The Persecution of Christian in America

Sunday January 12 (OS: December 30) 2020: Sunday Nativity Afterfeast (30th Sunday) Holy Righteous Ones: Joseph the Betrothed, David the King, James the Brother of the Lord. Sunday after Nativity

Epistle: Galatians 1.11-19

Gospel: Matthew 2.13-23

Christ is born!

As both today’s readings make clear, the Church has been subject to persecution from the beginning. While there have been times of relative peace, there has never been a time–even in a formally “Christian” culture or nation–where the Church, the City of God, was free from the hostile intentions of the World, of the City of Man.

This makes a certain rough sense.

As Herod and his son Archelaus knew, the Church is a fatal threat to “the rulers of the Gentiles,” to those who desire nothing more than “lord it over” others. The powerful of this World are all too eager to “exercise authority over” those who they should instead serve (Matthew 20:25, NKJV). It was precisely this contrast between the two cities that led to the growth of the Church.

Christians, for example, preached a new and unique doctrine of chastity. Powerful men in the ancient world were free to take sexual pleasure where, how, and from whom they wished among those of lesser status. Adultery was a crime for women but acceptable for men. Masters could abuse their male as well as female slaves and teachers their students.

In contrast, the Christian doctrine of chastity not only highlighted the dignity of women, slaves, and children, it offered them a life free from acts of intimate abuse. Those men who embraced the Gospel understood that following Christ required that they refrain from the casual violation of others that their peers readily and habitually practiced.

By the integrity of his life, the Christian man was an unbearable reproach to the selfishness of those around him. He and he alone refused to degrade others as he himself had once been degraded. With the Christian, the cycle ended.

In addition to this, the Church offered Roman society another, equally radical, different standard for the exercise of political authority. While it is sometimes said that the first Christians were pacifists or practiced non-violence, this is inaccurate. At best it is an anachronism. While Christians were willing to suffer violence, they were not pacifists.

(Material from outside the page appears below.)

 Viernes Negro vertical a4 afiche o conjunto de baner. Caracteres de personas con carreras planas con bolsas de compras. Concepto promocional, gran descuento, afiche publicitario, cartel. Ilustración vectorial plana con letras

Beginning with Cornelius the Roman centurion who, along with his family, is baptized St Peter baptize there is a long history of Christians who served with distinction in the Roman military (see Acts 10). What was unique about these Christian warriors was their refusal–often at the cost of their own lives–to harm the innocent.

Yes, they served the Empire but not at the expense of the Gospel. In this, as with the Christian doctrine of chastity, they stood in stark contrast to their comrades-in-arms. Christian soldiers were eager to defend the innocent but refused to lift their sword against them.

And there are more examples.

Christians adopted unwanted infants left to die in the wilderness. They did this even when food was scarce and each new mouth increased the likelihood of hunger or even death for themselves or their children.

And when the plague struck, the wealthy together with all those who could afford to do so, fled the city for the relative safety of the countryside. Christians however not only stayed but cared for the sick. Willingly Christians risked their own lives to ease the suffering of those who in normal circumstances despised them.

In all of these ways and others too numerous to mention, Christians were a threat to the willingness of the powerful to abuse and neglect others when circumstances allowed or fancy desired.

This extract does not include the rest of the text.